Last fall, when Lutz noticed posts on his Twitter feed congratulating Israel on rejoining the WCF, he decided to revisit the idea—in part because, at 29, he believes he’d be exempted from any military obligations if he qualified for an Israeli squad. Sochi was obviously out of the question, but if Israel can successfully form a team by May, the country’s curlers could be squaring off against Iceland, Luxembourg, Serbia, and other Group C countries as soon as October, at the 2014 European Curling Championships—a necessary first step on the path to qualifying for the 2018 Winter Games.

With the ICF’s development director, Simon Pack, Lutz helped organize the North American recruiting tour at curling clubs in Boston, Chicago, New York, and two cities in southwestern Ontario: Windsor and nearby Leamington. These places are not exactly hotbeds of curling, let alone Jewish curling. And turnout at several of the clubs, including at Broomstones, was sparse. Pack, who holds a PhD in sports management and works for the Municipal Sports Authority of Jerusalem, said the cities were chosen based on where people showed the most interest but added that he hopes to soon visit more clubs in Canada, Wisconsin, and Minnesota.

Pack himself is new to curling, as is his colleague Sharon Cohen, the ICF’s chief executive. At the recruiting event in Boston last week, Cohen videotaped Davis and the other curlers who turned up and plans to send the footage to more knowledgeable coaches, who can help pick promising candidates. Pack concedes it’s not exactly a rigorous tryout process but said the ICF has to start somewhere. The recruiting tour is in many ways just a grassroots awareness-raising effort for the ICF—but Pack said he’s serious about trying to compete. “The goal, for sure, is to get at least a men’s team together to compete in the Euro C tournament,” he said.

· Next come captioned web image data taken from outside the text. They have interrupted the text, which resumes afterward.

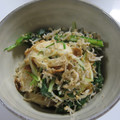 さえちん７'s cooksnap of when they made 簡単！水菜と竹輪のあっさり和え.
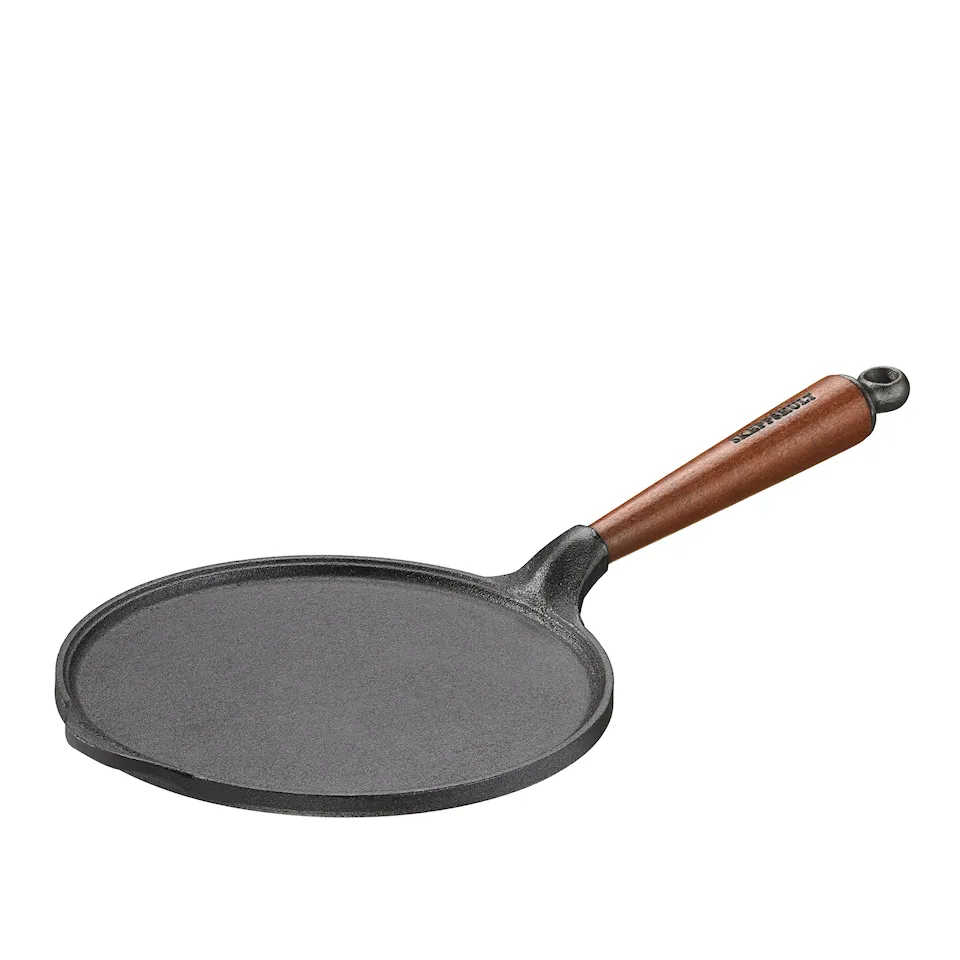 Pannkakspanna 23 cm trähandtag
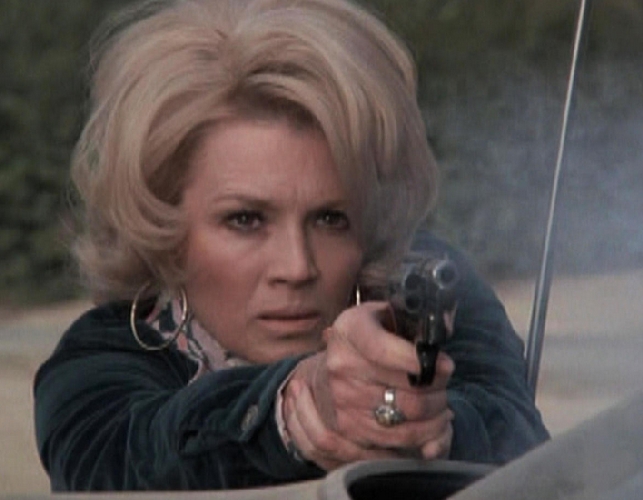 Happy 91st Birthday to Angie Dickinson, Police Woman. 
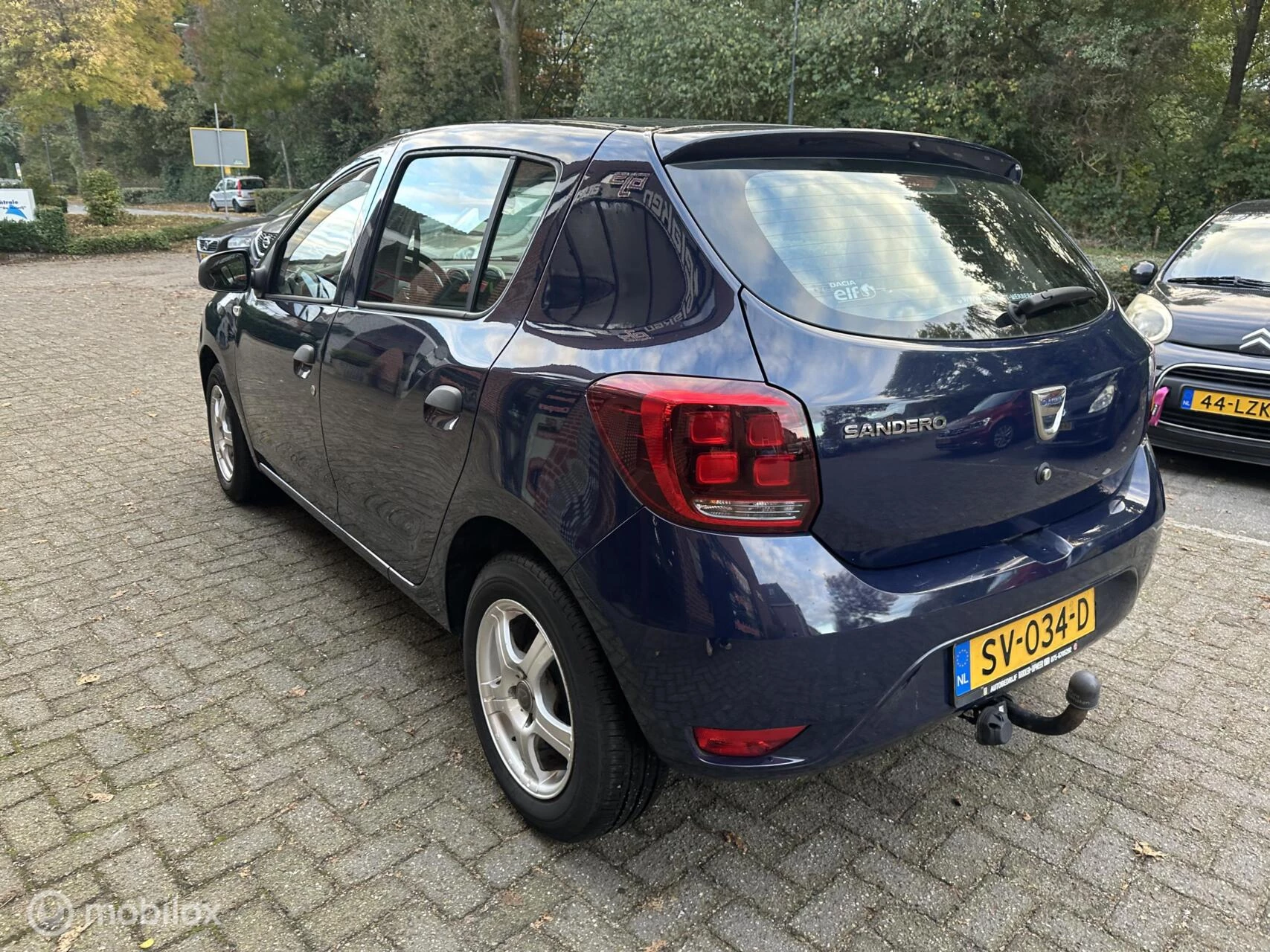 Hoofdafbeelding Dacia Sandero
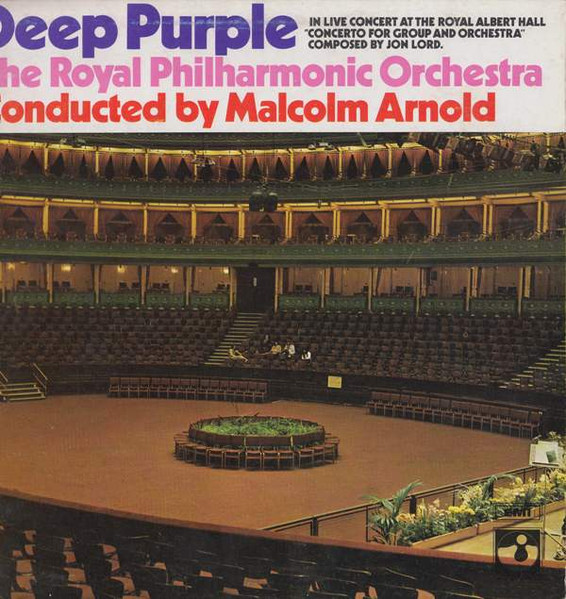 Deep Purple, Royal Philharmonic Orchestra, Malcolm Arnold - Concerto For Group And Orchestra cover reference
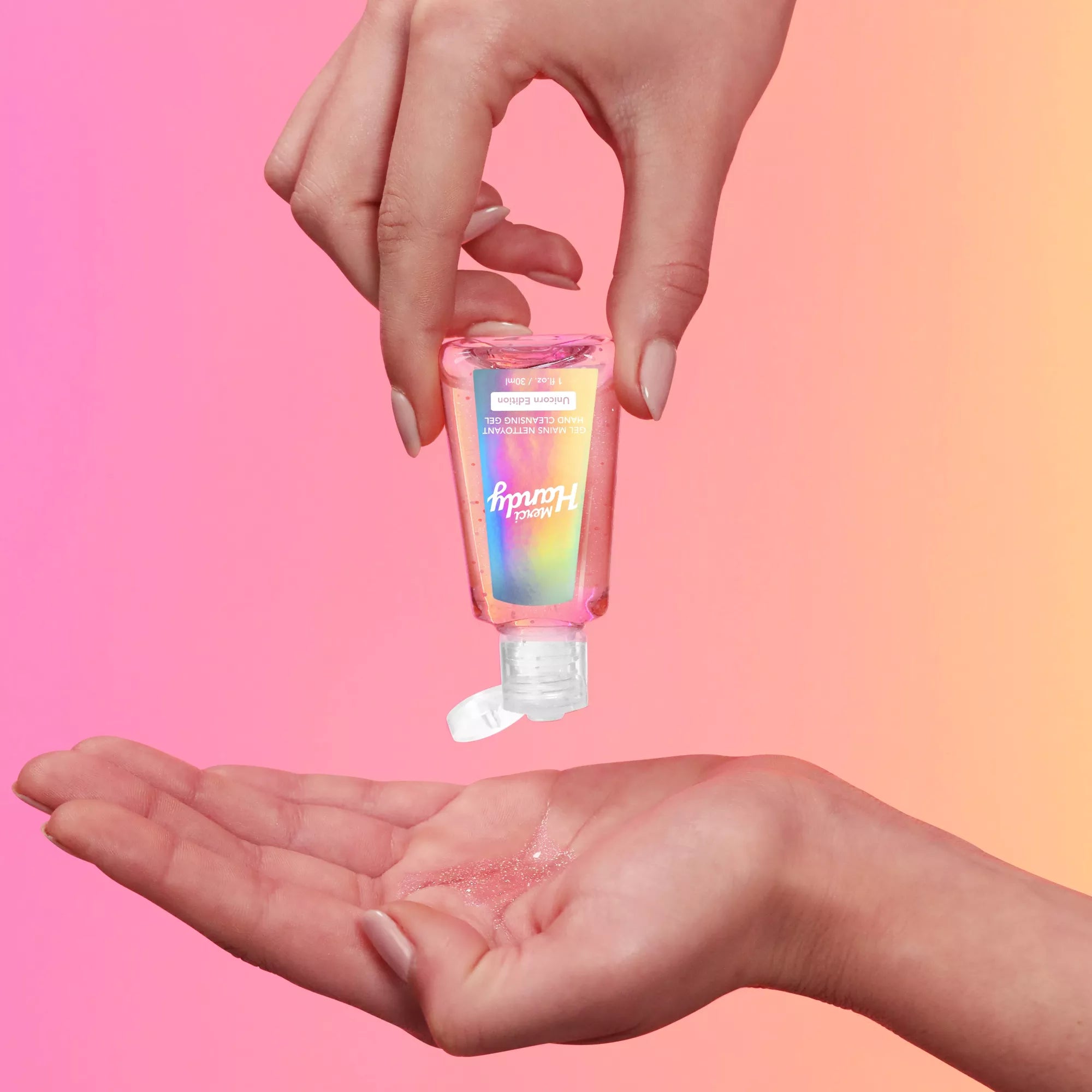 MERCI HANDY Unicorn Edition Hand Cleansing Gel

There are some examples from which the ICF can draw inspiration—and caution—as it looks to compete internationally. In 2009, Brazil challenged the United States for a spot at the men’s world curling championships. The stronger American team summarily beat the South American squad in the three-game match-up: 13-2, 13-2, 11-5. That doesn’t bode well for Israel’s chances against the curling heavyweights of the world. But last year, a team from Hungary—a country not known for its curling prowess and one that’s relatively new to the sport—took home the gold at the annual world championship for mixed doubles curling, a form of the sport that some are now lobbying to make an Olympic event.

Yet finding any four people who have the curling talent to win on a global level would be hard under any circumstances. Finding four people like that who are also Jewish and willing to make aliyah could be near impossible.

Kyle Doering is probably the most accomplished up-and-coming Jewish curler in the world. The 18-year-old from the West Kildonan Curling Club in Winnipeg won the Optimist Under-18 International Curling Championships the last two years in a row, and his team came third at the 2012 Canadian Junior Curling Championships. Doering’s mother Bonnie is Jewish, he went to Jewish elementary school, and he dreams of visiting Israel one day. A freshman business student at the University of Winnipeg, he said curling could be his ticket to the Holy Land. “If I had an offer from the Israeli team I’d definitely consider it,” he said in an interview.

But, as with Lutz and other prospects, the possibility of having to fulfill military service obligations remains a major stumbling block. “That would be the deal-breaker,” Doering said. Pack said that young athletes can usually defer service, but rarely get out of it entirely. “From an ideological stance, I don’t want someone to get Israeli citizenship just to curl,” he said.

Despite the odds, Terry Braunstein, now 74 and serving as an unofficial adviser to the ICF, remains optimistic about Israel’s chances. “I think it would be quite possible that, if they found four really good curlers who have the basic abilities to begin with, they could qualify,” he said. “They’d have to work at it, there’s no question about it, but I think there are ways they could do it.”

Lutz agrees. “There’s a real chance here—and I know I’ve heard the Jamaican bobsled reference before,” he said, alluding to the comically bad bobsledding team made famous by the 1993 film Cool Runnings. With an Israeli curling squad, he went on, “If you get the right people there, they could turn some heads.”